Kathy's Other Stir Fry

by Kathy and Bruce Jacobs

Over the year's this site has been in existance, my stir fry recipe has been a favorite. While putting together the April 2004 class, I realized that the recipe I teach has evolved from the original. Here it is for your eating enjoyment. Let us know which you like best!

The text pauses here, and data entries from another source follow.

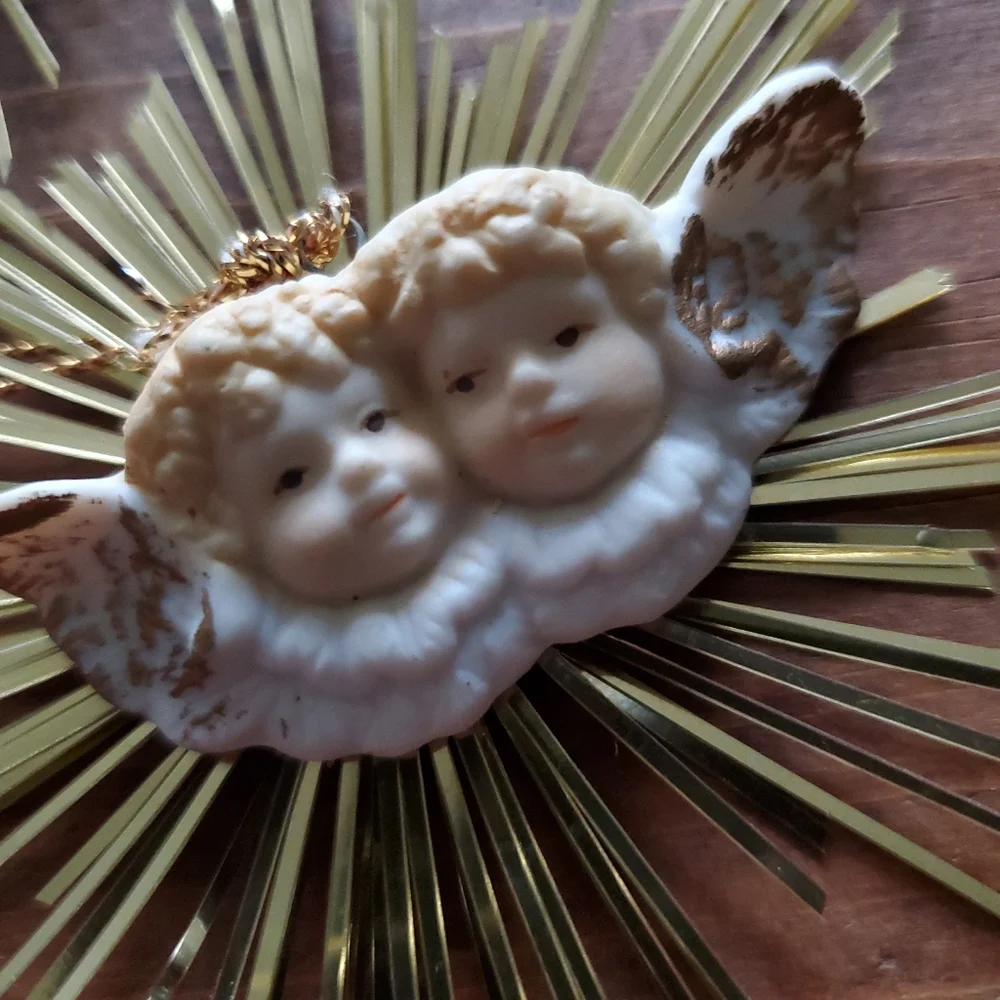 Bundle of 18 Victorian Christmas Tree Ornaments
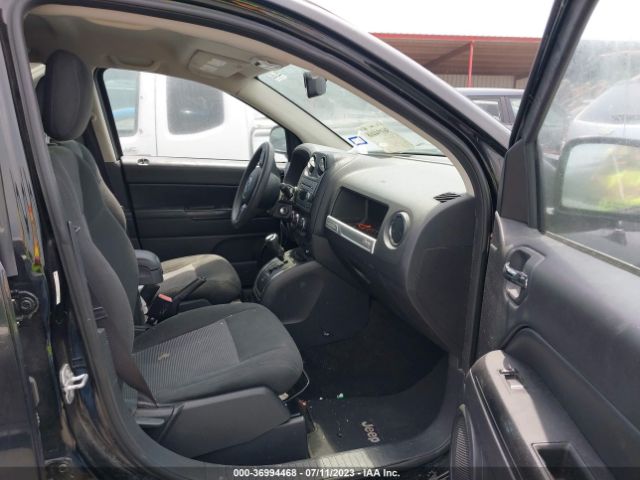 1C4NJCBA9GD600397 Jeep Compass Sport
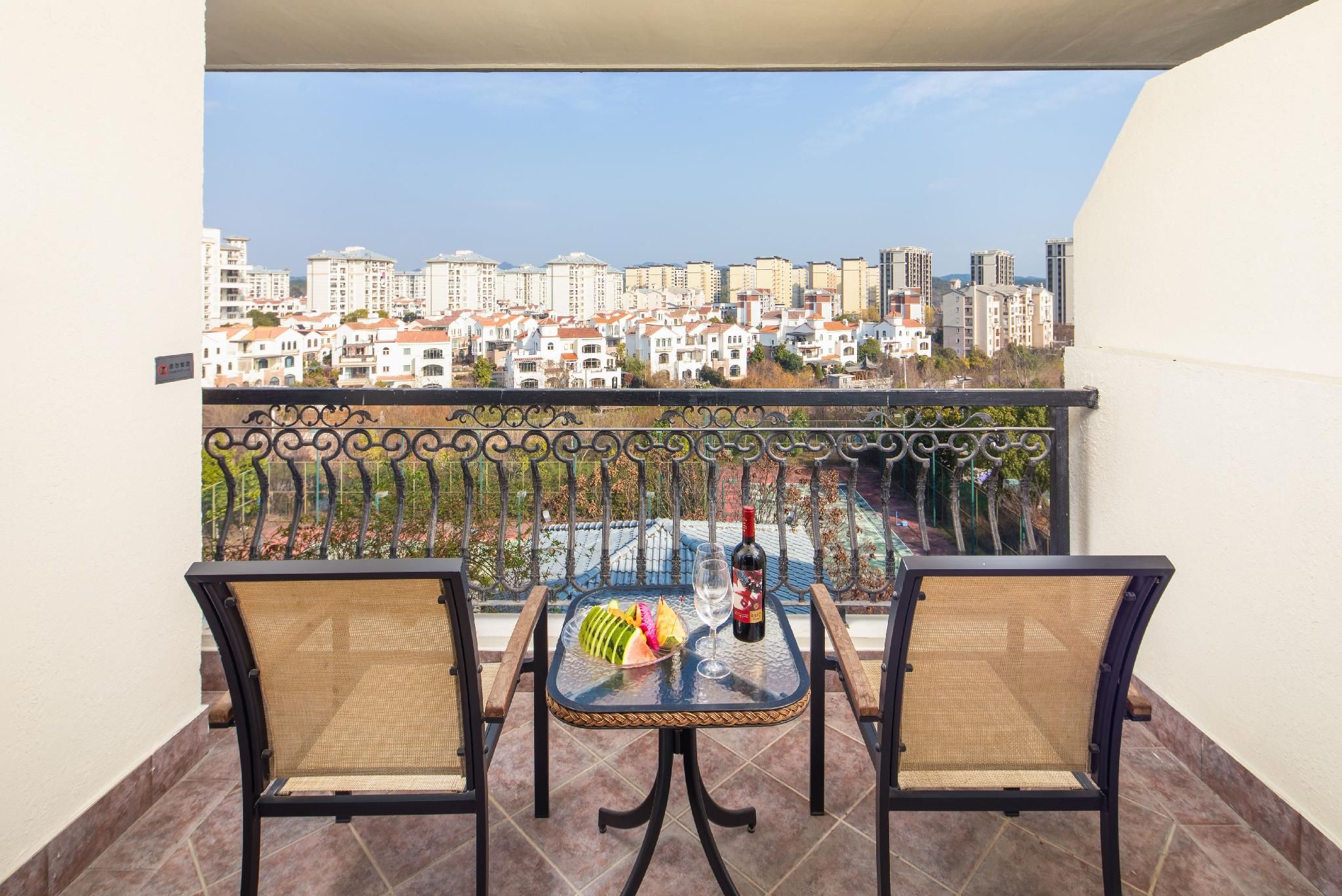 FY - Haomeng Balcony Twin Bed Room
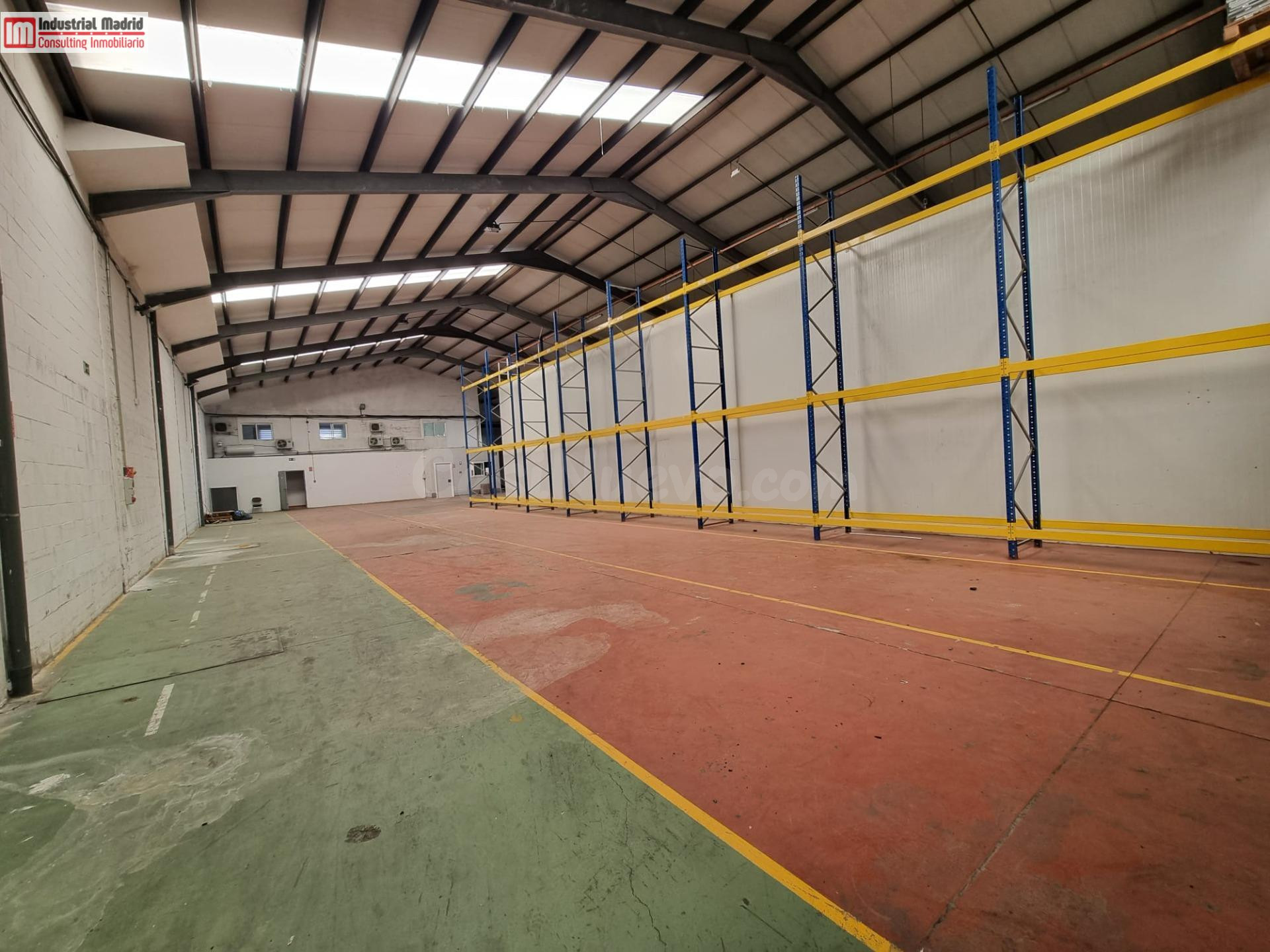 Nave con cámara frigorífica en Arganda – Ideal para empresas del sector alimentación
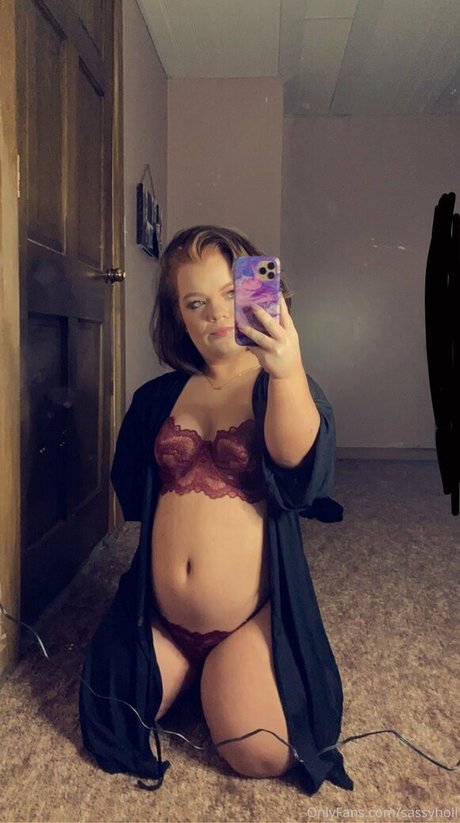 sassyholly model sex pictures
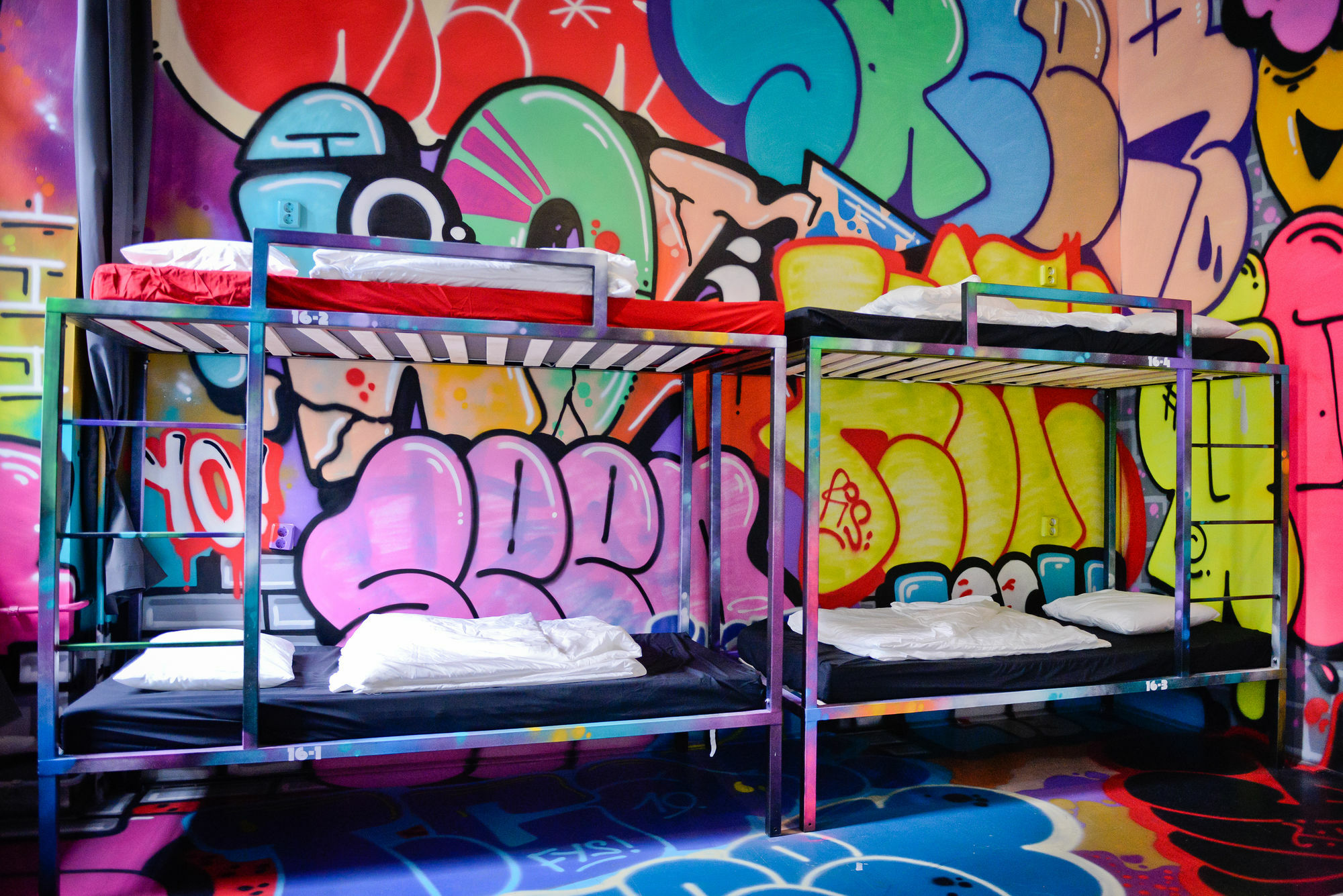 Lol Boutique Hostel City Center Budapest Bagian luar foto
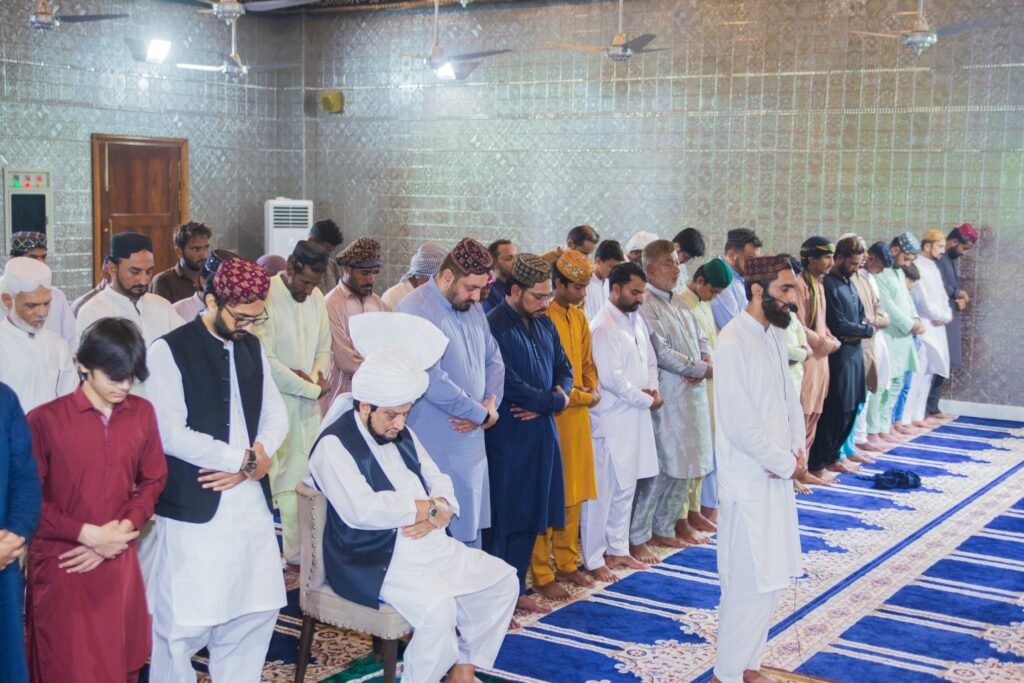 Sultan-ul-Ashiqeen Offers Friday Prayer at Masjid-e-Zahra 10 533379793 1377688271033332 5495576598602818851 n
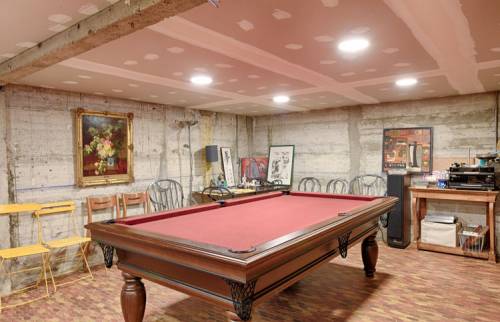 Rénovation intérieure d’une maison à Perros-Guirec - salle de jeux avec billard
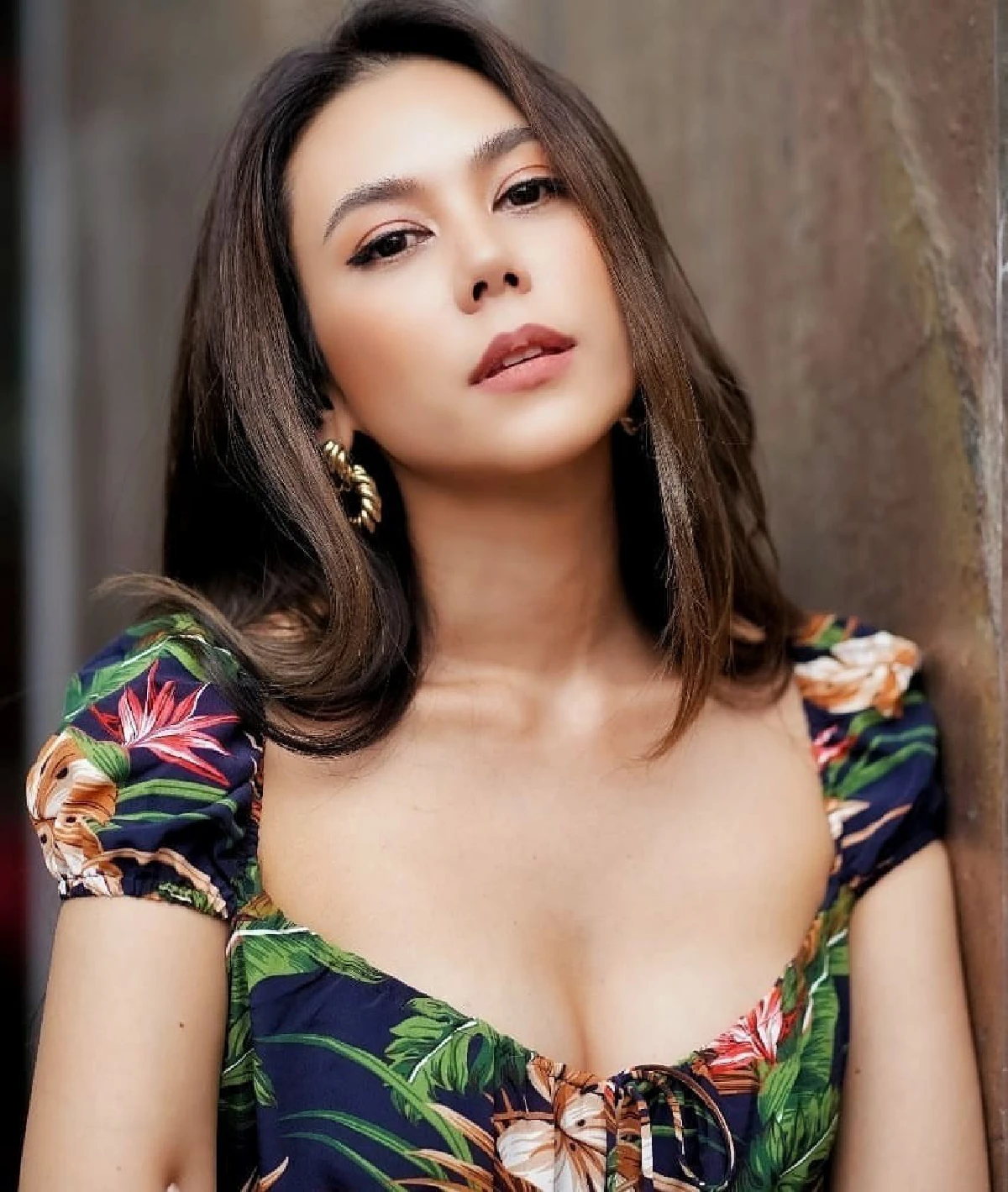 “ตอง ภัครมัย" ทำหลายคนหลุดโฟกัส หลังโพสต์ภาพนั่งหน้ามุ่ยบอกเบื่อ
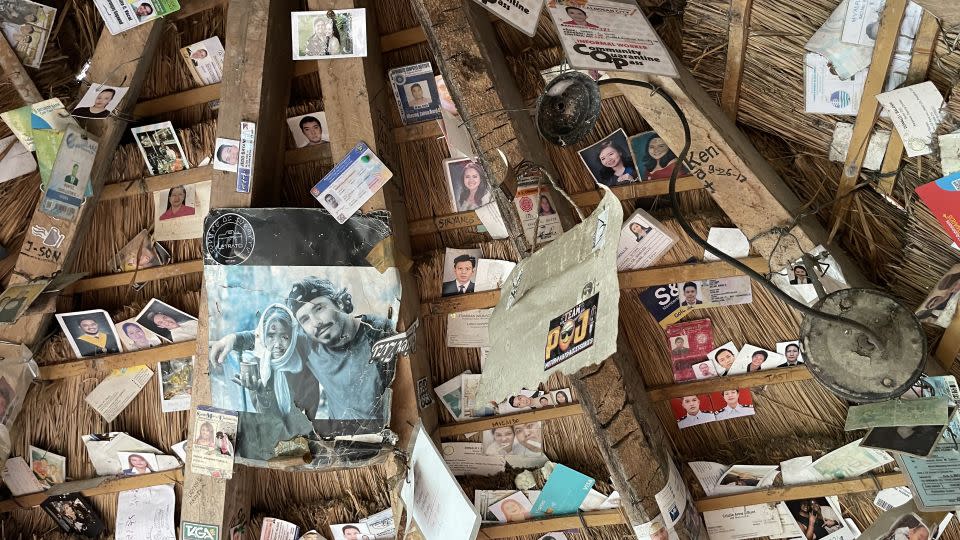 Photos, identification cards and other mementos left by visitors on the thatched roof of the hut where Whang-Od's grandnieces (and apprentices) tattoo. - Girlie Linao/picture alliance/Getty Images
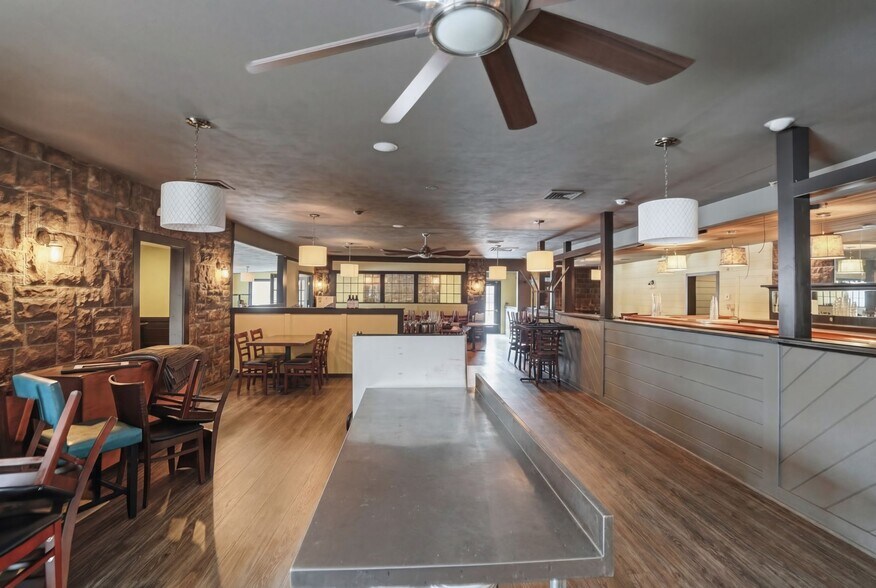 More Photos Of 332 Farnum Pike, Smithfield Restaurant For Sale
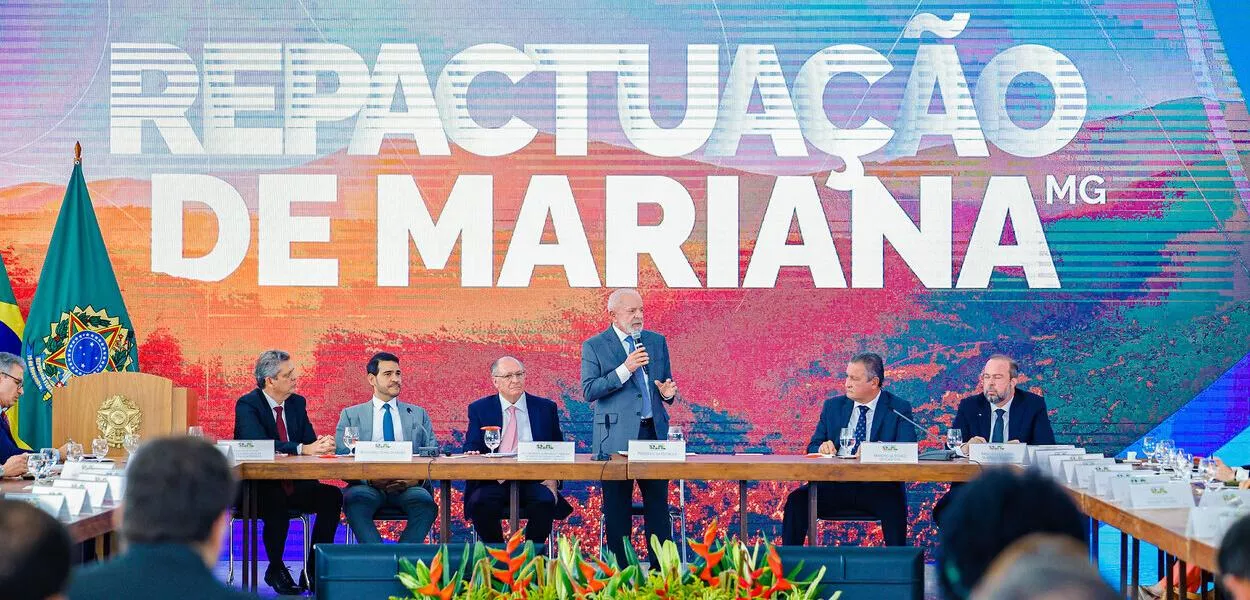 Evento de assinatura do novo acordo de Mariana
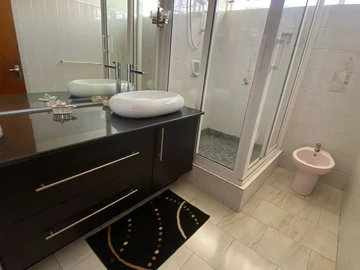 6 Bedroom House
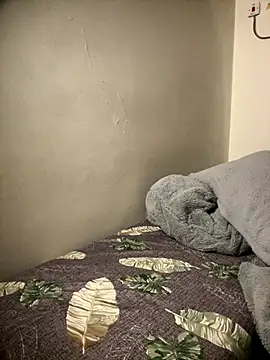 Snapshot of Samsamo999 chatting on December 13, 2025, 10:37 pm Samsamo999 online show from December 13, 2025, 10:37 pm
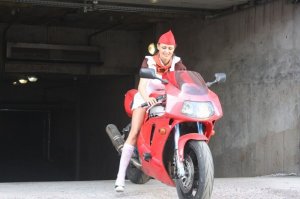 это Эмма мотогонщица с Питера , по моему первая в школьной форме начала ездить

3 to 4 cups of a variety of chopped, fresh vegetables:

  • Broccoli
  • Bell Peppers
  • Cauliflower
  • Red Onion
  • Carrots
  • 1 small bag frozen green beans
  • 1 small package frozen pea pods
  • 1 can minicorn cobs
  • 1 can water chestnuts
  • 1 can bamboo shoots
  • Oil

Stir Fry Sauce

  • 1 cup Teriyaki sauce
  • 1 tsp. 5-spice powder
  • 1 tbs. garlic powder
  • 1 tbs. cilantro
  • 2 tbs. sesame seeds (optional)
  • 2 tbs. soy sauce
  • 1 tbs. honey
  • 1 tsp. ground ginger
  • 1 tsp. sesame oil


  1. Mix sauce ingredients in zipper bag or covered bowl. Set aside in cooler to allow flavors to meld for 1 hour (minimum).
  2. Chop/slice/drain vegetables as appropriate. Store in zipper bags until ready to cook. (Note: Above steps can be done at home before trip if desired.)
  3. Start wood fire. When fire is hot, place wok on fire. Pour 2-3 tbs. of oil into wok and spread around with wok tools.
  4. When oil is hot, add cauliflower, carrots, broccoli. Stir until vegetables start to soften.
  5. Add onion, peppers, beans. Continue to stir until these vegetables have cooked slightly. (A good judge of this is when the onions start to wilt or change color.)
  6. Add remaining vegetables. Continue to stir. Add just enough sauce to coat the vegetables, stirring slowly. Place wok lid on wok and let steam for 2 to 3 minutes.
  7. Remove lid, toss vegetables again. Taste to see if they are done. If dish looks too dry, add more sauce to taste.
  8. Serve with extra sauce.


Just because the recipe doesn't list any meat, doesn't mean you can't. If you want to add meat, take about a third of the sauce and pour it in a ziploc with the meat before you put the sauce in the cooler to meld. Be sure to store both ziplocs in the cooler. When ready to cook, put your cut up meat in after the onions start to soften. Let the meat cook a few minutes before you add the remaining vegetables.